Over the past eighteen months lenders have been demanding higher and higher deposits from consumers in order to access their most competitive rates, and although the base interest rate is still at its record low of just 0.5 percent, many people lower deposit levels are paying far more for their mortgage borrowing than those that have substantial deposits.

Figures have shown that those able to raise a huge deposit of around 40 percent of the property value can enjoy highly competitive rates of around 2.5 percent on their mortgage borrowing.

However, those with only a 10 percent deposit, which often means first time buyers with no previous property from which to take equity, will often pay at least twice as much as this in terms of interest rate, and very often much more than that.

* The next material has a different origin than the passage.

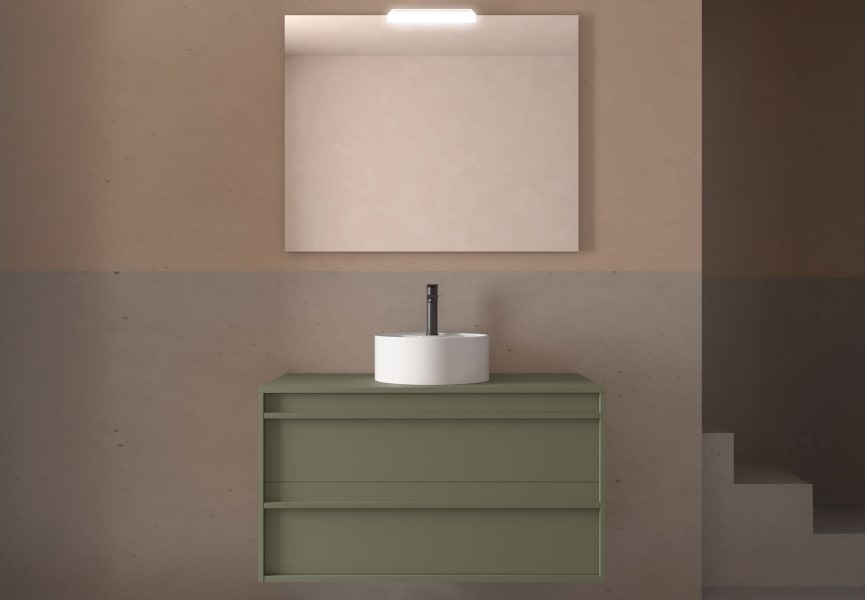 Mueble de baño con encimera de madera Attila Salgar ambiente 26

One industry official said that this, amongst other things, could end up stifling demand for housing, particularly amongst first time buyers. He said: ‘Although households are reducing debt and increasing savings, the upfront cost of house purchase for first time buyers is likely to stifle housing demand.’

He added: ‘Furthermore, despite the limited easing of certain lending criteria such as loan-to-values and pricing recently, from Fitch’s discussions with a number of large high street lenders it is apparent that the majority of lenders have introduced a number of other policy changes that mean obtaining a loan is more difficult.’

Another official added: ‘It is encouraging that lenders are willing to lend to borrowers with small deposits, but it is disheartening when you see the rates.’